Releasing its LNG Outlook 2023 today, the major said this “may dominate LNG trade over the longer term”.

It said the loss of Russian pipeline imports has “structurally altered” Europe’s gas market, detailing a supply gap equating to about 140 million tonnes (mt) of LNG by 2030.

Shell detailed that Europe imported 60% more LNG in 2022 than in the previous year with volumes up at 121 mt.

In comparison, Chinese LNG imports fell by 15 mt, along with reduced numbers for south-east Asian buyers.

“Europe’s rapidly rising appetite for LNG pushed prices to record highs and generated volatility in energy markets around the world,” Shell said.

The report forecasts that this will continue in the near term.

“In 2022, Europe’s LNG demand forced other buyers to reduce their imports and switch to other fuels, generating more emissions,” it added.

“With reduced Russian pipeline gas, LNG is becoming an increasingly important pillar of European energy security, supported by the rapid development of new regasification terminals in north-west Europe,” the major said.

“In contrast, China is evolving from being a rapidly growing import market to playing a more flexible role with an increased ability to balance the global LNG market.”

Shell executive vice president for energy marketing Steve Hill said: “The war in Ukraine has had far-reaching impacts on energy security around the world and caused structural shifts in the market that are likely to impact the global LNG industry over the long term.”

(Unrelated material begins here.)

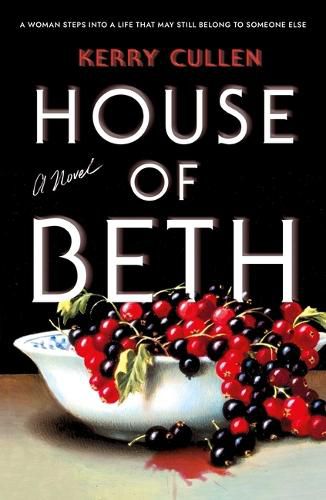 Cover image for House of Beth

“It has also underscored the need for a more strategic approach — through longer-term contracts — to secure reliable supply to avoid exposure to price spikes.”

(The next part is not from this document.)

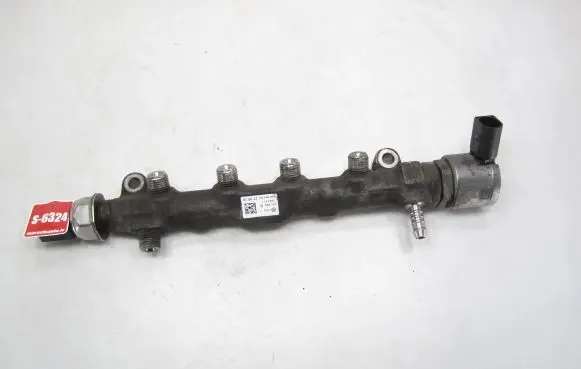 Volkswagen Caddy Fuel main line pipe 04L130764C BNDV740 01914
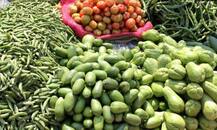 महंगाई की मार: खुदरा महंगाई दर 3.58 फीसदी पर पहुंची, सब्जियां हुईं महंगी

Shell said that by 2030 about 80% of new LNG supply will come from Qatar and the US.

The major’s figures show that 50 million tonnes per annum of long-term LNG sale and purchase agreements were signed for US volumes in 2022, more than double the amount concluded for that region in the previous year.

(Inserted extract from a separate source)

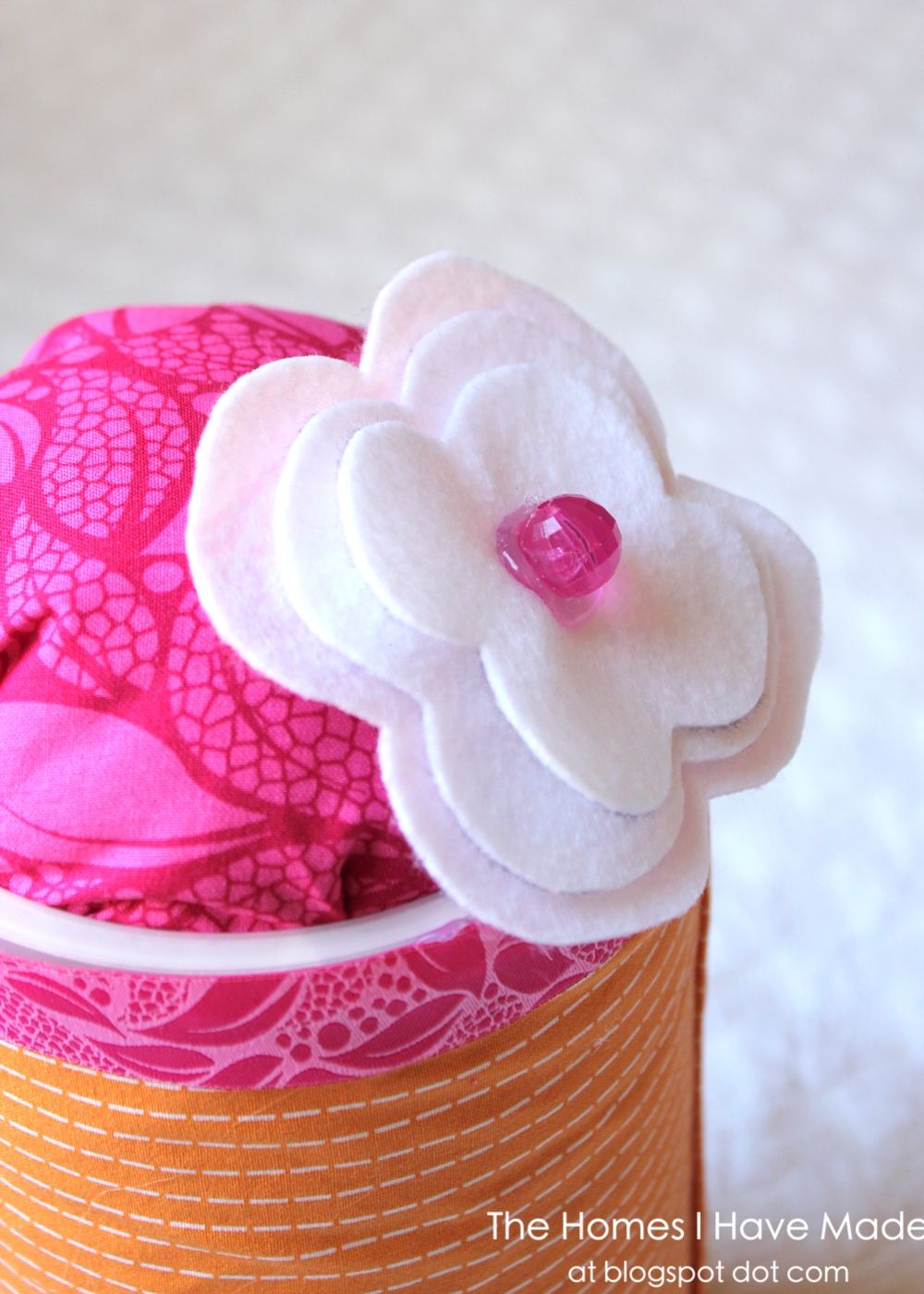 A Headband Holder The Homes I Have Made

Shell said total global trade in LNG reached 397 mtpa in 2022 with demand forecast to reach 650 to over 700 mtpa by 2040.

Demand forecasts

“More investment in liquefaction projects is required to avoid a supply-demand gap that is expected to emerge by the late 2020s,” it said.

The company’s presentation shows several demand forecasts which illustrate a supply gap of between 150 mtpa to 200 mtpa by 2040.

Shell said new technologies to reduce emissions from gas and LNG supply chains will help to consolidate the product’s role in the energy transition mentioning the development of renewable natural gas, synthetic natural gas, hydrogen and ammonia.

Giving examples, the company said it had used artificial intelligence to modify operations at an existing LNG plant reducing annual emissions there by around 130,000 tonnes for a single liquefaction train.

It also highlighted that in 2022 six LNG plants with a total production capability of 67.5 mtpa announced plans for carbon capture utilisation and storage projects to cut CO2 emissions.